━━ DATA PROVIDED ━━

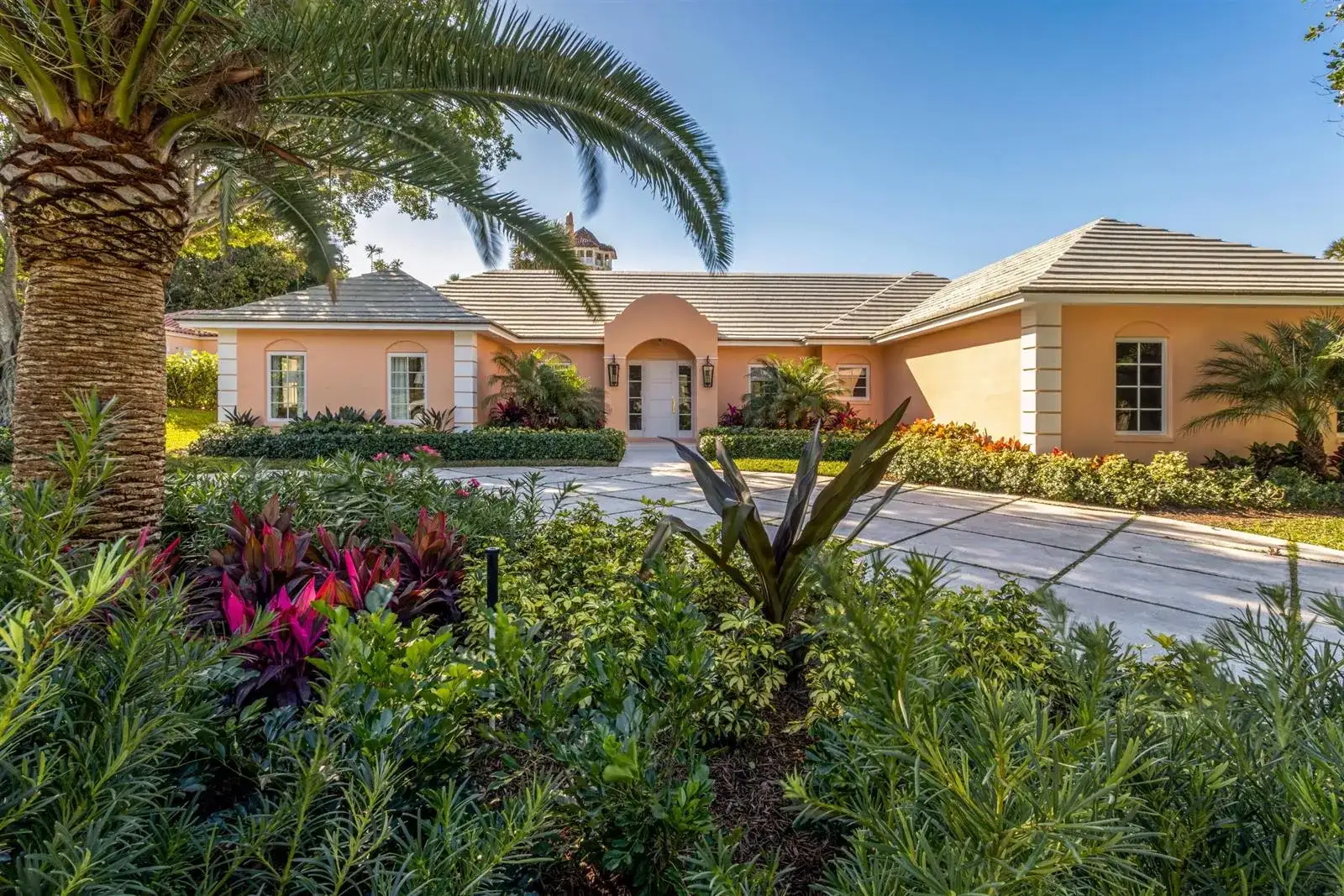 124 Woodbridge Road, Palm Beach FL 33480 photo 4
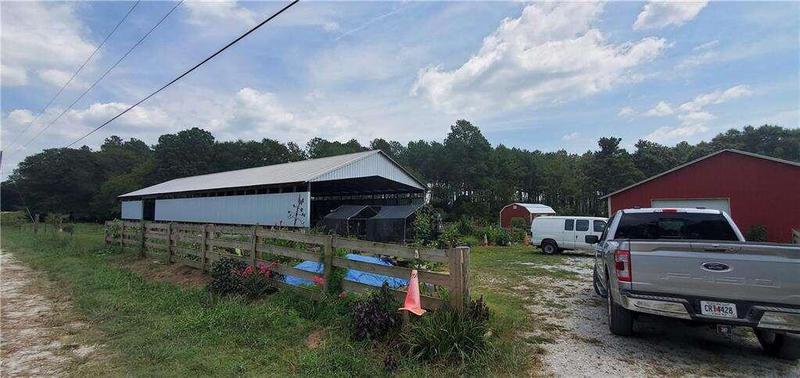 Image for property 2268 Horse Farm Road, Dewy Rose, GA 30634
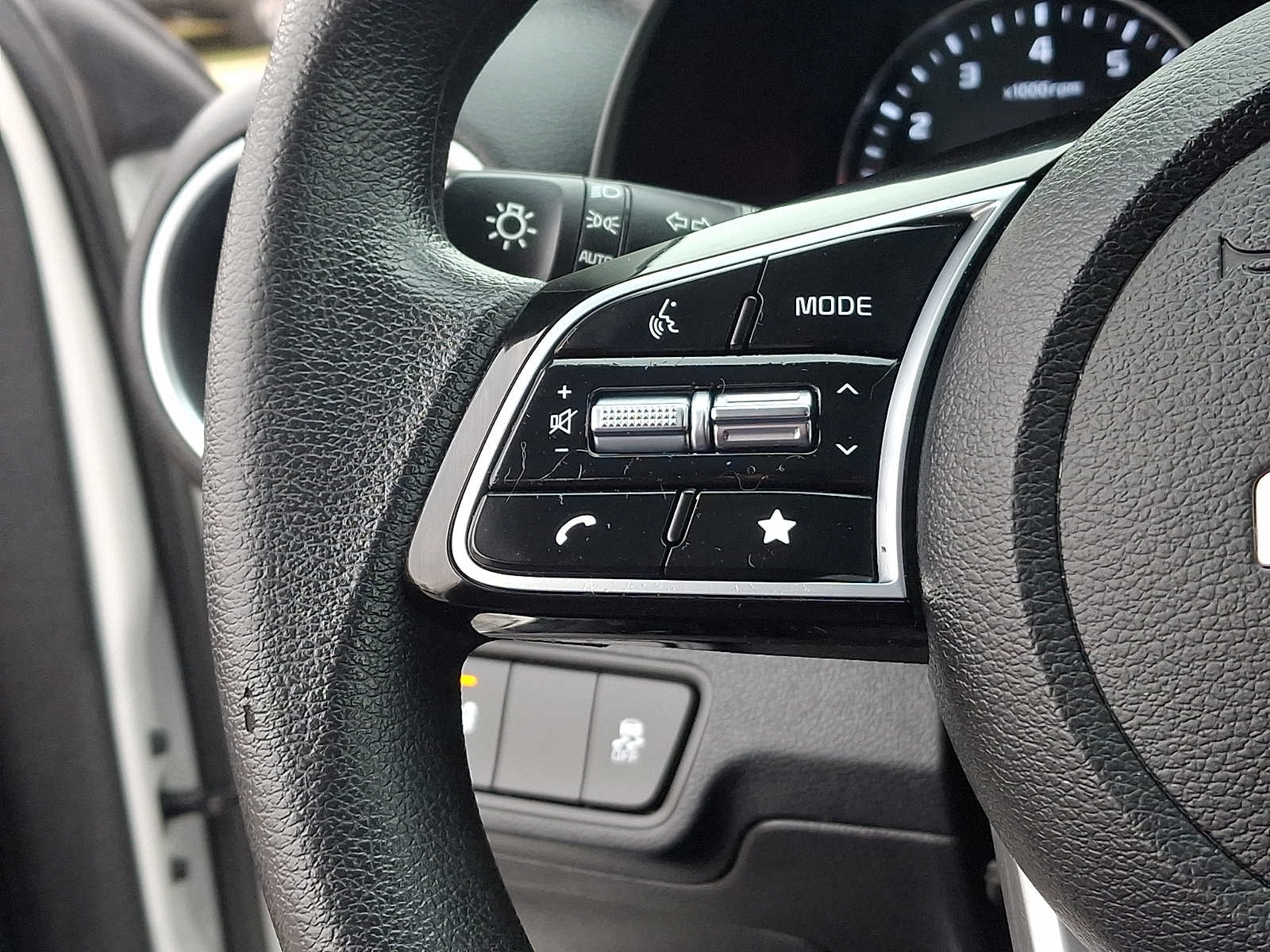 Thumbnail: 2023 Kia Forte - 21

━━━

EXERCISE OBJECTIVE: Output all the material exactly. The pictures are to be left out.

COMPLETED TASK:
 124 Woodbridge Road, Palm Beach FL 33480 photo 4
 Image for property 2268 Horse Farm Road, Dewy Rose, GA 30634
 Thumbnail: 2023 Kia Forte - 21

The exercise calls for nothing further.